The shooting
Le western selon Hellman. Soit l’aventure tragique de deux prospecteurs embauchés par une mystérieuse jeune femme et poursuivis par un tueur à gages dans un paysage nu, un désert de calcaire et de rochers. Durée ramassée sur un scénario impeccablement épuré, où les lieux communs du genre sont décrassés de toute enluminure pour ne laisser transparaître qu’une matérialité terrienne, un réalisme cru, une esthétique de la silhouette, du soleil et de la poussière. Et tandis que ces personnages s’enfoncent dans une traque de plus en plus absurde, qu’ils sont gagnés par l’épuisement et l’hébétude, la mort fait son œuvre, qui offre aux derniers plans une résonance métaphysique étrangement onirique. Le film suivant, tourné et sorti en même temps, lui est parfaitement jumeau. 4/6
L’ouragan de la vengeance
Il y a des jours comme ça. On se réveille un beau matin, parfaitement honnête, et on se retrouve pris pour des bandits, pourchassé par la justice approximative de l’Ouest afin d’être pendu, contraint de fuir pour survivre, de tout abandonner, de prendre une famille en otage, de tuer à son tour. Cela se passe dans une lente et lourde atmosphère de fatalité immuable, d’inquiétude en aboi, de perplexité hagarde. Aucune fioriture stylistique, pas d’ajout factice pour dramatiser des situations sèches et élémentaires qui s’étirent, et où la plus absurde des méprises enclenche un engrenage infernal. Aussi loin de la plénitude romanesque que du cynisme grinçant, cet autre western décharné affirme une voix propre et singulière, même s’il s’inscrit parfaitement dans un certain courant de son époque. 4/6
Macadam à deux voies
Ils sont quatre solitaires qui se permettant de tout échanger (véhicules, positions, affections) sauf leur rapport au monde : le conducteur et le play-boy dans une Chevrolet trafiquée, le mécano dans une Pontiac vrombissante et une auto-stoppeuse passant d’une bagnole à l’autre. Des nomades marginaux qui filent à toute berzingue sur la route, sans autre raison que celle de réinventer sa vie à chaque course.

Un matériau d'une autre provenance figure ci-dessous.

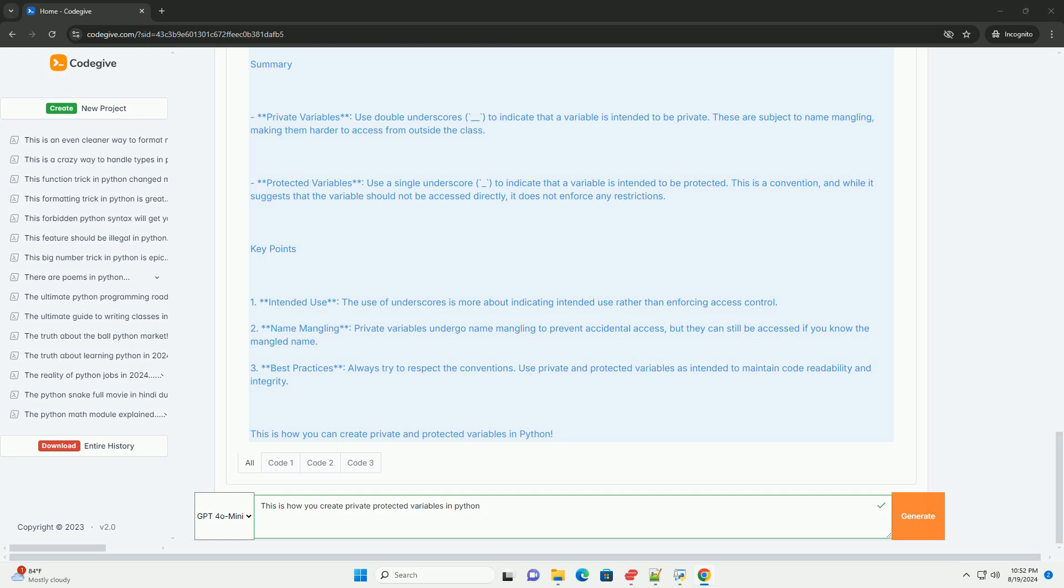Best practices: Always respect the conventions. Use private and protected variables as intended to maintain code readability and integrity. This is how you can create private and protected variables in Python.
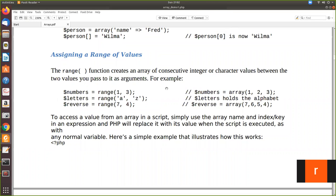In this video we are going to see some more operations of arrays. I want to create a range of values as my array. Here we are declaring an array called 'numbers' where it consists of values from 1 to 3. Range is a built-in function in PHP.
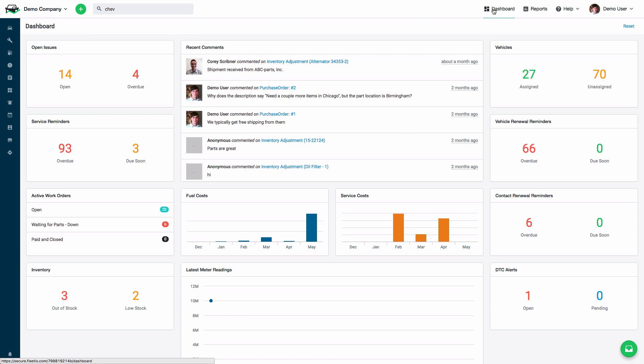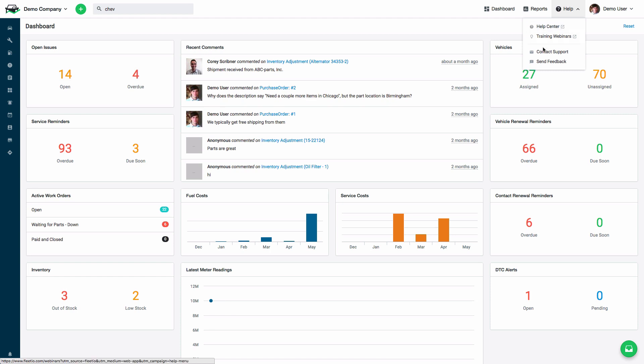You can get back to our dashboard screen at any time by clicking this link. You can access our list of reports here, where you can get detailed information about all the data within Fleetio. You can access our help center here, where you can get information, documents, and videos on many of the functions within Fleetio. You can also contact support if you have a specific question about an issue.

Pas d’anecdote ni de structure, seulement le culte de la voiture, la passion de la vitesse, l’ivresse de la liberté. Enroulé dans une temporalité cyclonique qui fait tournoyer les hiatus visuels et sonores, réfutant autant la convention sentimentale que le pittoresque du road-movie, ce film grisant et insaisissable épouse comme peu d’autres l’idée d’un certain cinéma de la liberté et de l’affranchissement. 5/6
Cockfighter
Hellmann pousse toujours plus loin le bouchon d’une approche fictionnelle erratique, relâchée, anti-dramatique, réfutant l’idée même de structure au profit d’une indolence invertébrée qui frise volontairement le dilettantisme. Un tel mépris des règles a son charme et ses qualités, ne serait-ce que celle de parvenir à préserver l’intérêt pour la trajectoire maussade de ce grognon et crasseux dresseur de coqs de combat dérivant de patelins minables en bleds paumés et faisant vœu de silence le jour, plus cafardeux que les autres, où trépasse son galliforme favori. Inutile évidemment de chercher quelconque marivaudage gracieux dans cette chronique de l’Amérique des bas-fonds, où la petitesse des aspirations et la trivialité des milieux décrits le disputent au renvoi de Budweiser bien gras. 4/6
Road to nowhere
De retour après vingt ans d’absence, le réalisateur goûte aux délices de la mise en abyme en faisant le récit d’un tournage de fiction parasité par l’intrusion du réel extra-filmique. Vue en coup de l’acte créatif donc, en même temps que miroir aux alouettes où la passion se donne rendez-vous avec la mort et où l’art éclaire d’une lumière maladive les turpitudes d’un thriller délibérément réduit à peau de chagrin. Plus qu’à tous les épigones du post-modernisme cérébral, ce puzzle méta évoque la réflexion sur l’image développée par Wenders dans L’État des Choses, à ceci près qu’il se situe dans une autarcie plus fétichiste, légèrement anachronique, non sans charme mais de moindre portée. Tout en jeux de miroir, zones d’ombre, glissements sinueux, l’exercice n’est pas déplaisant mais un peu trop théorique. 4/6
Mon top :
1. Macadam à deux voies (1971)
2. L’ouragan de la vengeance (1966)
3. The shooting (1966)
4. Road to nowhere (2010)
5. Cockfighter (1974)
Peu de cinéastes américains sont aussi marginaux que cet auteur sans antécédent ni héritier, dont les films ne firent l’affaire de personne si ce n’est de deux ou trois exégètes inventifs. C’est bien sûr dans cette inspiration errante, iconoclaste, volontairement relâchée, qu’il a su trouver sa voie.